● EXERCISE DETAILS
When you reach the line with "Nachrichten Französisch Merci 03" in the listing below, transcribe it and each line after it up to and including the line with "Sunday Tribune Sunday", exactly and with nothing else.

● DATA EXTRACT
□ □ □

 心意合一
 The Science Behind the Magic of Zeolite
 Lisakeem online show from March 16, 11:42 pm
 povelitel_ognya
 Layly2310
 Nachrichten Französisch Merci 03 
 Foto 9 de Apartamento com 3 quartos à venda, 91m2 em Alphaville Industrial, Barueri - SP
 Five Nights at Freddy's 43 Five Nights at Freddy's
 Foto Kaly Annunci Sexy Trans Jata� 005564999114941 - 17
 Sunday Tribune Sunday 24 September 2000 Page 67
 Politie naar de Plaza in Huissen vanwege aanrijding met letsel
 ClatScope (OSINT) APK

□ □ □

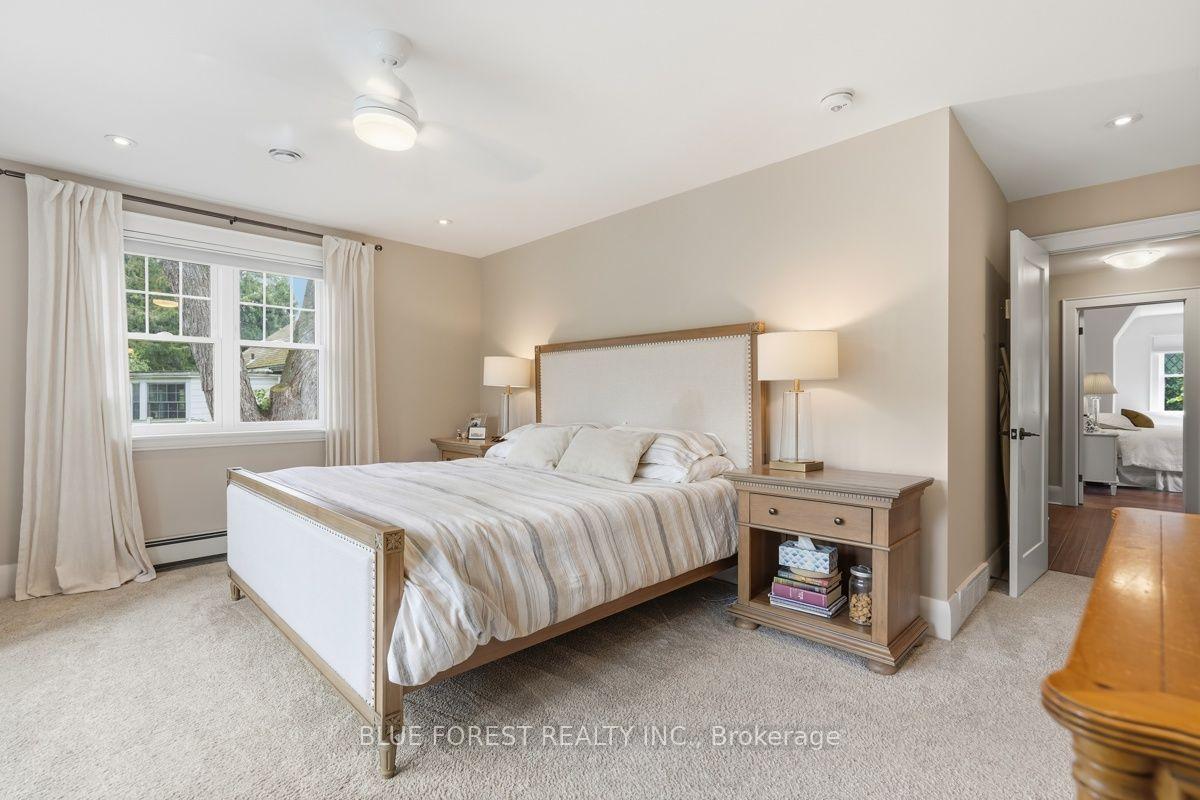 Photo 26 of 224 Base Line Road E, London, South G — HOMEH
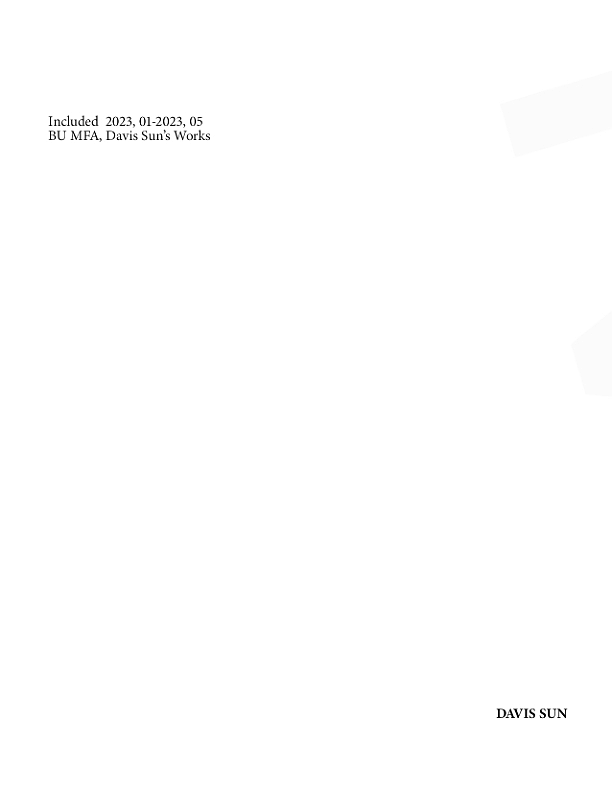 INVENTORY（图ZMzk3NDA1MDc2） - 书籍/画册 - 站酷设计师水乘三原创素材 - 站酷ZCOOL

□ □ □

● RESULT FOR THIS TASK
 Nachrichten Französisch Merci 03 
 Foto 9 de Apartamento com 3 quartos à venda, 91m2 em Alphaville Industrial, Barueri - SP
 Five Nights at Freddy's 43 Five Nights at Freddy's
 Foto Kaly Annunci Sexy Trans Jata� 005564999114941 - 17
 Sunday Tribune Sunday 24 September 2000 Page 67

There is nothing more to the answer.